A lot of older PC games can run just fine on modern phone hardware. I’d buy a SteamOS version of a phone that has some modular or built-in set of buttons and analog sticks. I don’t know how the app ecosystem would work for sensitive things like banking but it’s mostly a minor issue for me.
Just to get away from Apple and Google.
I love the trend towards Linux phones. I hope that gets a good enough foothold for me to get one.
If its a viable way to get a linux phone then sure.
I would, yes, if it was not OS locked.
No, because I don’t care about gaming on a phone. But I’d love to have numerous viable Linux phone alternatives to break the cartel duopoly.
Probably not Steam OS, specially, but I’d love an alternative Linux-based smartphone OS.
Yes but not for gaming, just to get a Linux phone.
That’s actually a great point. If it runs actual Linux, not Android, that’s a decent reason to buy. Valve might actually upstream the patches, if any, so that would enable virtually all Linux distros to run in it.
So a Linux phone that works?
On one hand I would love that. On the other hand it would have access to my steam games and that might be a problem
Yeah this is the important bit to me. Valve does good work and contributes to FOSS, sure, but I’m not going to blindly follow everything they do. Right now the Linux phone space just flat out isn’t viable for daily drivers. If Valve are the first ones to really address this, cool! But I’m not going to put them on a pedestal over any other options.
Isn’t Sailfish OS already pretty much “a Linux phone that works”?
I wouldn’t buy it to replace my phone. I want to keep that and my gaming devices separate.
I would buy it a dedicated handheld in a similar form factor to a phone + some controls. I’ve actually been looking at the AYN Thor for this exact use case. It would have to be the right price too.

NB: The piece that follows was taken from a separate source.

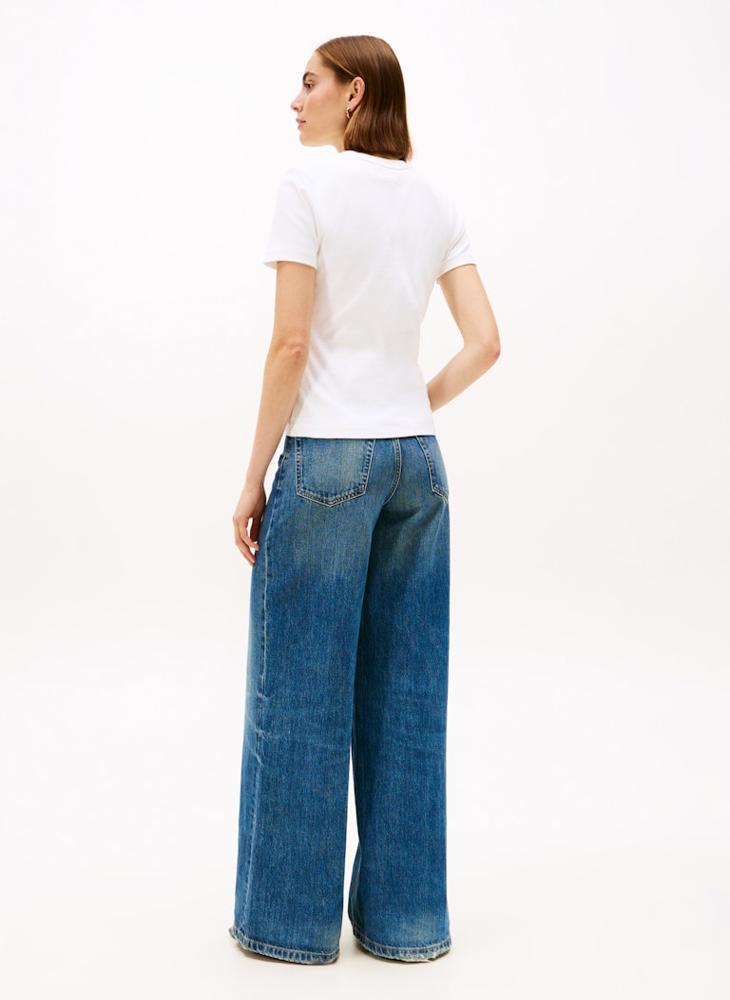 تومي هيلفيغر تي شيرت سليم كودي بياقة على شكل حرف - Image 2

I just made a similar comment and totally agree on both points. In the past, handhelds were actually this small, like a (bigger) phone with controls attached. Smartphones have bad battery life too and if its based on Android, then privacy concerns too. A dedicated handheld should be cheaper then full fledged power smartphone being able to play those games.
A Steam smartphone implies to me its main purpose is to play PC games and not caring about the other stuff. And no, for that reason I wouldn’t buy a Steam smartphone. Because playing games on mobile phone sucks, for controls (and I always need a controller in addition), battery life and size. And its probably as expensive as a PC. I would rather buy a dedicated handheld, if its available in this form. And if its based on Android, its a nogo anyway, for privacy reasons.
Maybe, if was cheap. Dislike Google and Apple.
Don’t care so much about games on the phone as like GPS, texting, ad blocking in the browser.
depends.
if it’s basically a continuation of the xperia play, but otherwise a regular modern day smartphone with passing safety net, unlockable bootloader, a 3,5mm jack, sd card slot, stereo front firing speaker, decent camera, absolutely.If it allows side loading and has expendable storage, sure. That’s all I’m looking for.
I already despise having to charge my phone once a day. I might buy one if it were FOSS, but I don’t think I’d play many games on it.
As an alternative for the Apple/Google duopoly, I’d be curious. As a gaming machine, having tried playing PC games on Android, I’d say a lot of work is still needed.
Absolutely, we need more Linux phone options.